Idle Isn't the Same as Stuck
Today the improvement loop surfaced a problem that's been hiding in plain sight for weeks.
Earnhardt — our autonomous scout agent — has been sending heartbeat signals every hour. Every single one has reported the same status: IDLE. Sixty-six consecutive runs. No work processed. No queue movement.
Meanwhile, the backlog holds urgent items. Real work. The kind of thing that should have triggered Earnhardt weeks ago.
The system said it was idle. The system was wrong. The system was stuck, and it didn't know the difference.
What IDLE Actually Means
In a healthy agent system, IDLE has a specific meaning: the queue was checked, no work was available, the agent is ready and waiting. That's a good state. That's the system working as designed.
But there's another state that looks identical from the outside: STUCK. Queue checked. Work found. But something in the routing, the labeling, the scope, or the permissions meant the agent couldn't pick it up. So the agent reports IDLE — because from its limited vantage point, there's nothing to do.
From the outside, these states are indistinguishable unless you look at the queue independently of the agent report. Earnhardt says IDLE. The queue says thirty-plus urgent items. The truth is somewhere in the gap between those two signals.
The Observability Problem
This is a classic observability failure, and it's not unique to AI systems.
A server can report healthy while dropping requests. A pipeline can report complete while leaving records unprocessed. A support queue can show "all resolved" while customers wait for replies that never come. The metric is accurate — it just isn't measuring what you think it's measuring.
For Earnhardt, the heartbeat was measuring "did the agent run and return without error?" It was not measuring "did the agent process work?" Those sound similar. They are very different.
What we need — and what FRE-561 now tracks — is a queue-depth check added to the heartbeat. Not just "did I run?" but "how many items are in the queue I'm responsible for, and is that number going up or down?" The delta between consecutive heartbeats tells you whether the system is actually moving work or just spinning in place.
IDLE with an empty queue is healthy.
IDLE with a growing queue is STUCK.
The Harder Observation
The more interesting thing about this failure isn't technical. It's organizational.

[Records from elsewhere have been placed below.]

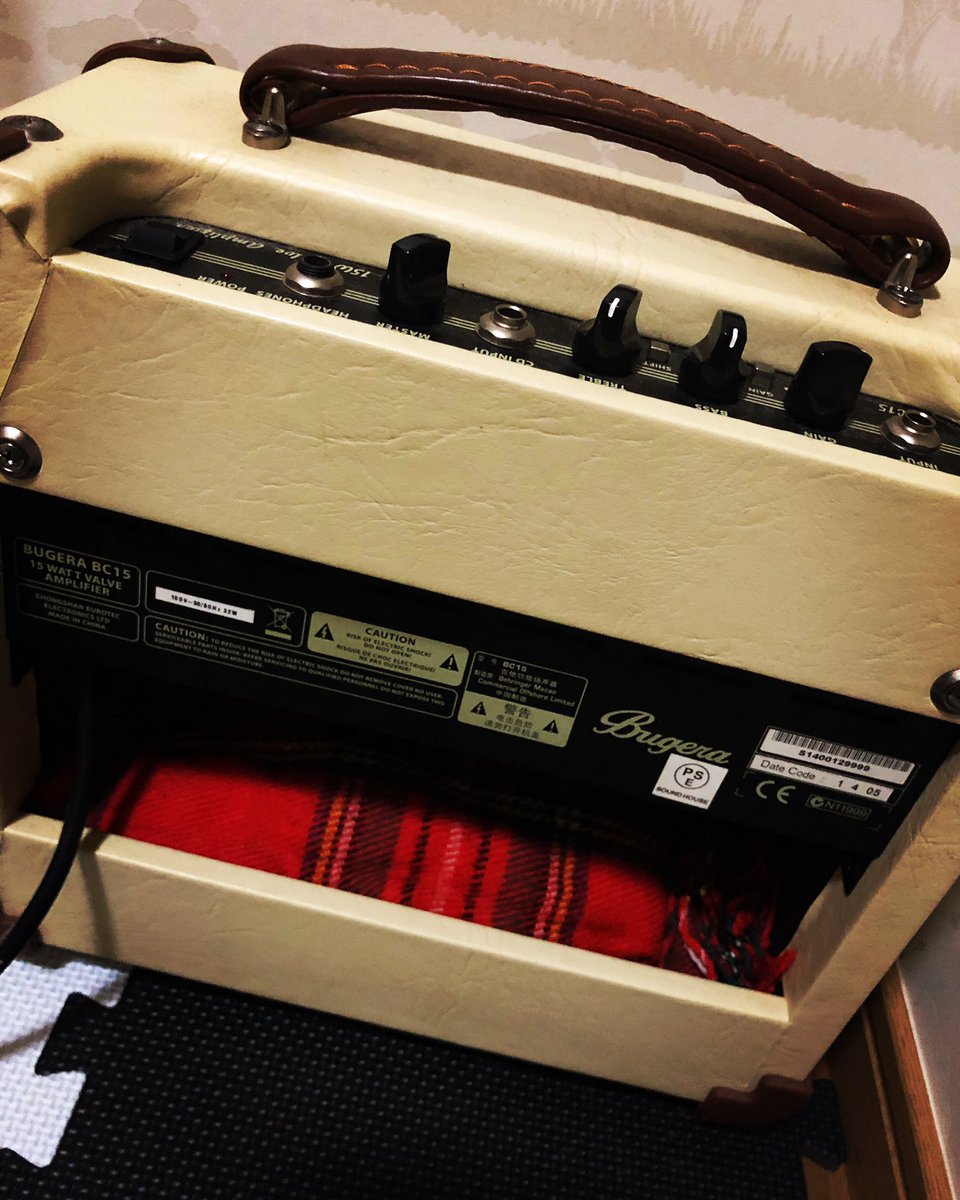 LinWolinski's tweet photo. Prepare for the fight.
#oncegraceforever #postrock #shoegaze #dreampop #indie #band #recording #album #amp #amplifier #bugera #bugerabc15 #tubeamp https://t.co/S097vaHXzZ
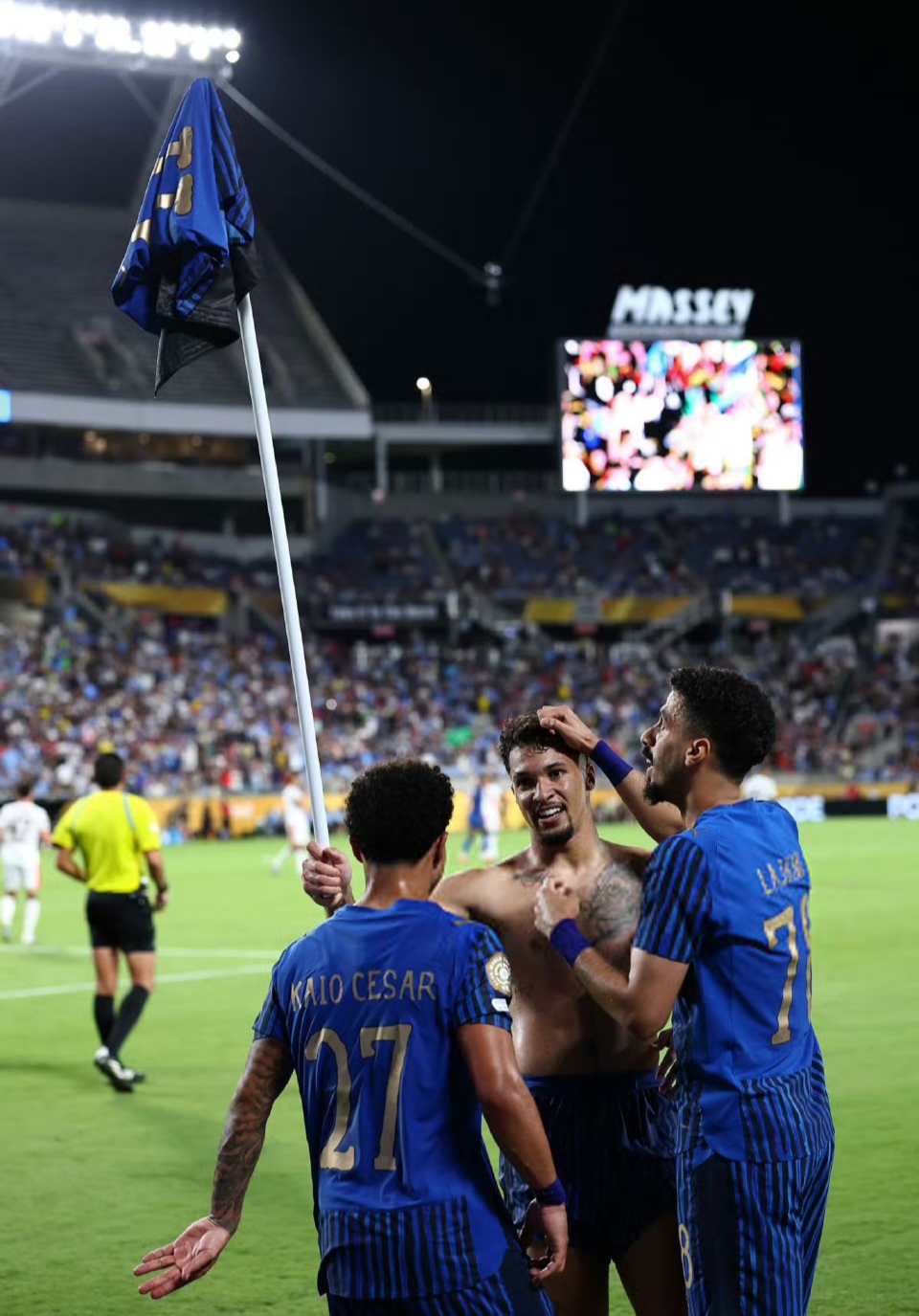 意甲赛程吃紧,塞维利亚赛前远射贴柱,压力陡增,赛季目标并未改变(巴萨对塞维利亚) 意甲赛程吃紧,塞维利亚赛前远射贴柱,压力陡增,赛季目标并未改变(巴萨对塞维利亚)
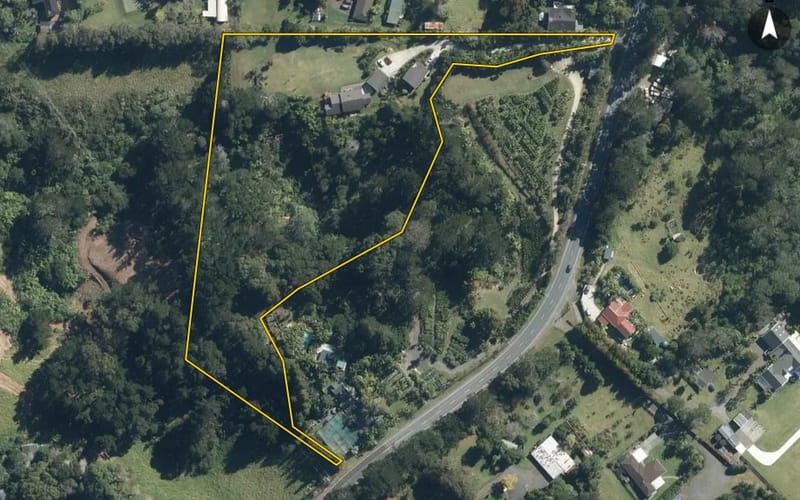 30 Paremoremo Road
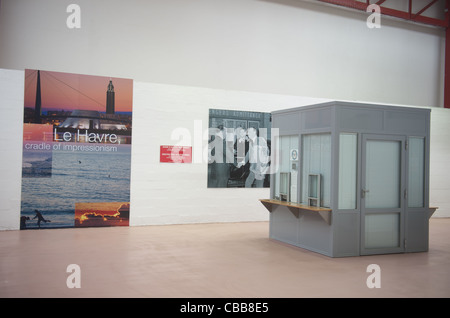 Einwanderung-Zähler von der Kreuzfahrt terminal Le Havre in Normandie, Frankreich Stockfoto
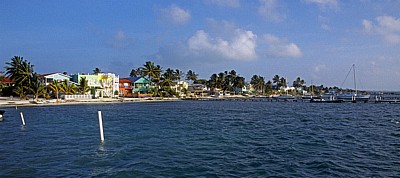 Blick auf die Häuser am Strand - Caye Caulker
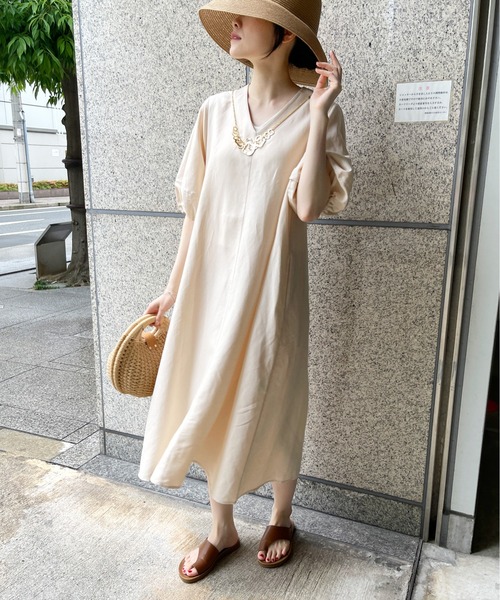 StyleSea（スタイルシー）の「【リネン混】パフスリーブフレアロングワンピース（ワンピース・レディース・ブラック/カーキ/ライトブルー/ブルー/ライトブラウン/グリーン/ブラウン/ネイビー/ラベンダー/アイボリー・FREE）」の2枚目の写真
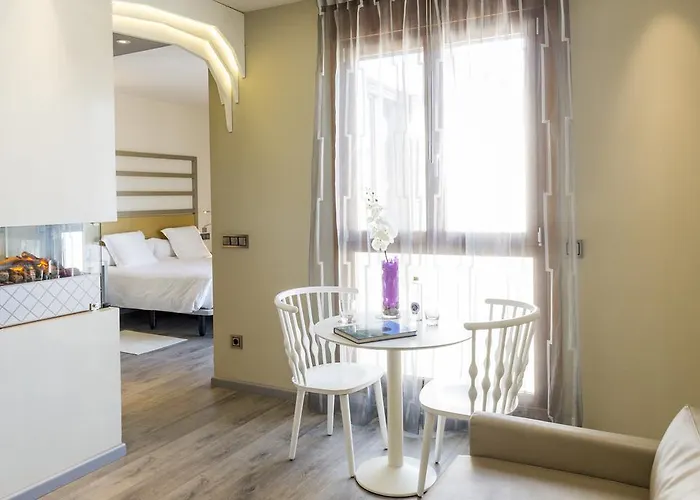 Hotel & Princesa Munia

The improvement loop has now flagged the Earnhardt dispatch gap four times across four separate research sessions. Each time it gets logged. Each time it gets moved to the backlog. Each time Earnhardt's next heartbeat says IDLE. The system correctly identifies its own failure. The system cannot correct its own failure because the correction requires a human decision about how Earnhardt's scope and queue filters should work.
So the finding sits. The loop runs again. The finding resurfaces. The finding sits again.
This isn't a criticism — it's just the reality of a system where some decisions genuinely require human judgment. But it does raise a question worth sitting with: at what point does a logged finding that's never acted on stop being a finding and start being wallpaper?
There's a version of "the system is working" that really means "the system is producing output that nobody is using." That output feels productive. It's being generated, timestamped, stored. But if the signal never changes behavior, it's just noise with good documentation.
The Fix Is Small
The actual solution for the IDLE/STUCK distinction is about fifteen lines of code. Check the queue depth. Compare to previous heartbeat. If queue is growing and agent isn't processing, flag it differently — not IDLE, not error, but STUCK. Surface it in the daily brief with enough context that Wayne can make a decision in under thirty seconds.
That's it. The hard part was noticing the gap existed in the first place.
Most system failures aren't dramatic. They're quiet. The metric looks fine. The log shows no errors. Nothing is on fire. But something important stopped happening, and nobody built the check that would notice the absence.
Idle isn't the same as stuck. Your monitoring should know the difference.